→ TO DO
Restrict the output to the lines below starting at the one that contains "One Piece Poster, Anime" and ending at the one that contains "Georg Jensen Daisy", and restate them word for word, both ends included.

→ RECORDS SHOWN
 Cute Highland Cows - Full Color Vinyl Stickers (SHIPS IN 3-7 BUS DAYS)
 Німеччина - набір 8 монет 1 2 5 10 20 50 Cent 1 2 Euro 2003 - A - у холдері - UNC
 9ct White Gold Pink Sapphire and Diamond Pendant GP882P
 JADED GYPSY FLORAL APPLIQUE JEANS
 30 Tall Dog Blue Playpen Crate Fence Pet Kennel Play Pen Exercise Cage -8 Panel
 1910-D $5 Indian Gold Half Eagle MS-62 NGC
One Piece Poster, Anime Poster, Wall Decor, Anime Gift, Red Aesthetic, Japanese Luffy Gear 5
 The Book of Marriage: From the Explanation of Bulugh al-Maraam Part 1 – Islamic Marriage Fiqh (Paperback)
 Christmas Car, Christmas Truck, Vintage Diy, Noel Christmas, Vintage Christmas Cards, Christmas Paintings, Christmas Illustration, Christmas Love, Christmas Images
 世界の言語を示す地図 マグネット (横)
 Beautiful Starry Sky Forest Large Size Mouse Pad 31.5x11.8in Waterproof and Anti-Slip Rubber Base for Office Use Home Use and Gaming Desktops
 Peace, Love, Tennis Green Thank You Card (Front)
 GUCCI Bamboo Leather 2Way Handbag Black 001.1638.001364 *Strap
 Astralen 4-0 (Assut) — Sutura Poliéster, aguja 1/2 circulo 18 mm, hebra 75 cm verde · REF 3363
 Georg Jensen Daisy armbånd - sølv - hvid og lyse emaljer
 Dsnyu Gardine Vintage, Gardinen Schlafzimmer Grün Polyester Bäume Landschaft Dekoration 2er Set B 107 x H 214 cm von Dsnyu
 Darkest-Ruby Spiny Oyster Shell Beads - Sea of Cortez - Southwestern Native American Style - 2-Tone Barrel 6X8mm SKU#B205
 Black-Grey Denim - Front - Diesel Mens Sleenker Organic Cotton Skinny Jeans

→ SOLVED PROBLEM
One Piece Poster, Anime Poster, Wall Decor, Anime Gift, Red Aesthetic, Japanese Luffy Gear 5
 The Book of Marriage: From the Explanation of Bulugh al-Maraam Part 1 – Islamic Marriage Fiqh (Paperback)
 Christmas Car, Christmas Truck, Vintage Diy, Noel Christmas, Vintage Christmas Cards, Christmas Paintings, Christmas Illustration, Christmas Love, Christmas Images
 世界の言語を示す地図 マグネット (横)
 Beautiful Starry Sky Forest Large Size Mouse Pad 31.5x11.8in Waterproof and Anti-Slip Rubber Base for Office Use Home Use and Gaming Desktops
 Peace, Love, Tennis Green Thank You Card (Front)
 GUCCI Bamboo Leather 2Way Handbag Black 001.1638.001364 *Strap
 Astralen 4-0 (Assut) — Sutura Poliéster, aguja 1/2 circulo 18 mm, hebra 75 cm verde · REF 3363
 Georg Jensen Daisy armbånd - sølv - hvid og lyse emaljer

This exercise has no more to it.